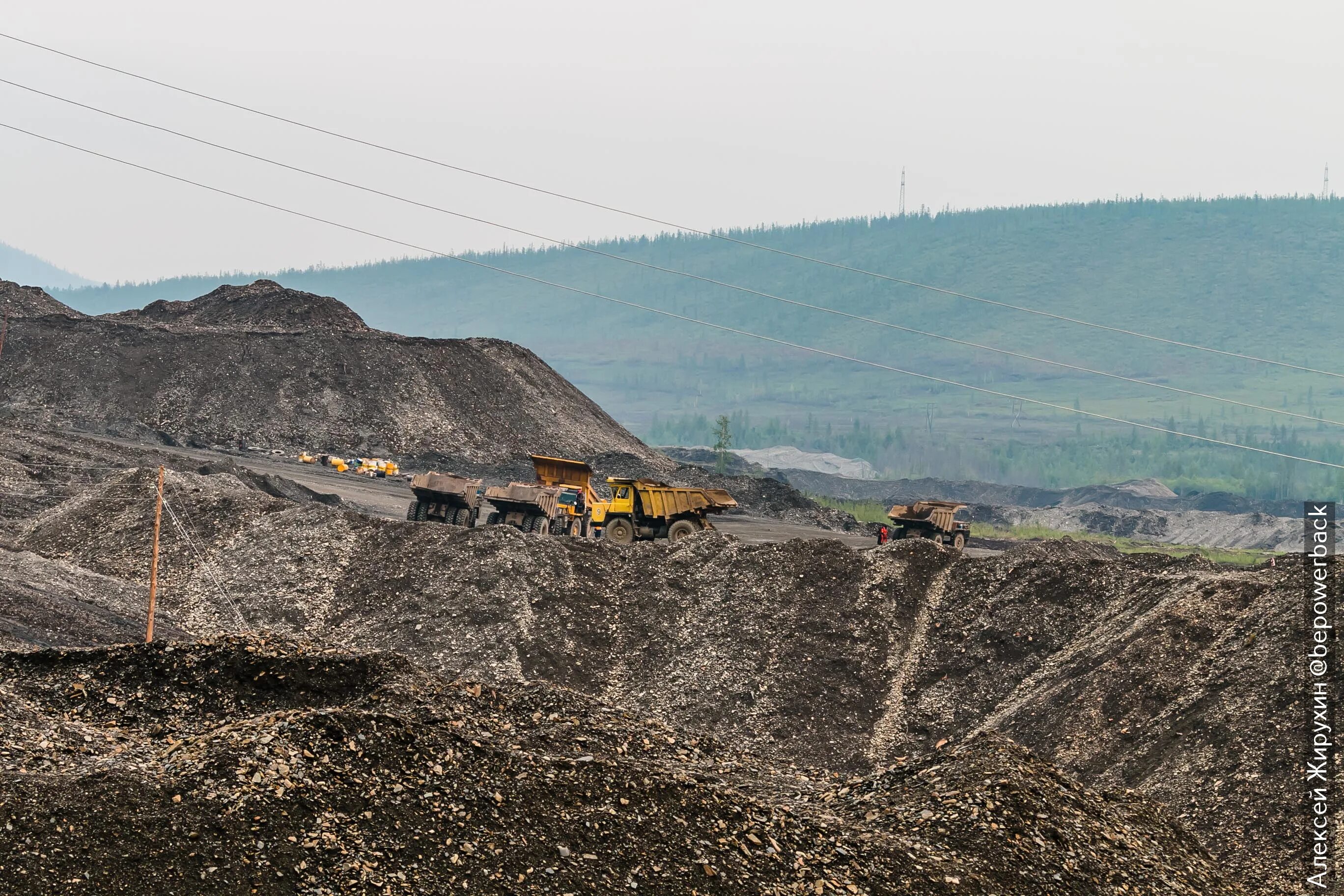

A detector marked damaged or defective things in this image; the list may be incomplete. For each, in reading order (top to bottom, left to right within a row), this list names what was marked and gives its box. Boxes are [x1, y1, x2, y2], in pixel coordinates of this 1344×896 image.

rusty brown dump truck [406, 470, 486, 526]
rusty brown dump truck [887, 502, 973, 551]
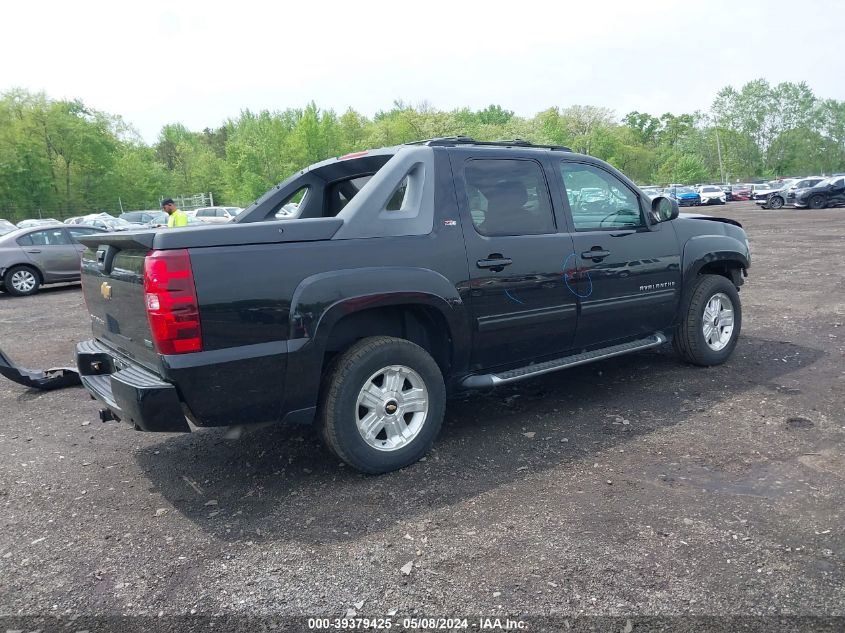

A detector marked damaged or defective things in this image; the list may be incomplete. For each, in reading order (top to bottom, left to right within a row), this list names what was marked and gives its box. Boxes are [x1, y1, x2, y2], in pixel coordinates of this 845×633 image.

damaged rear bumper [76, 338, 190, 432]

◆ Prompt: The expected output is the lines from the one holding "this 845×633 image." through the last line of the data, exactly as they appear, with nothing before or after.

◆ Answer section:
A detector marked damaged or defective things in this image; the list may be incomplete. For each, in reading order (top to bottom, left to right within a row), this list names what was marked and gives its box. Boxes are [x1, y1, x2, y2], in pixel coordinates of this 845×633 image.

damaged rear bumper [76, 338, 190, 432]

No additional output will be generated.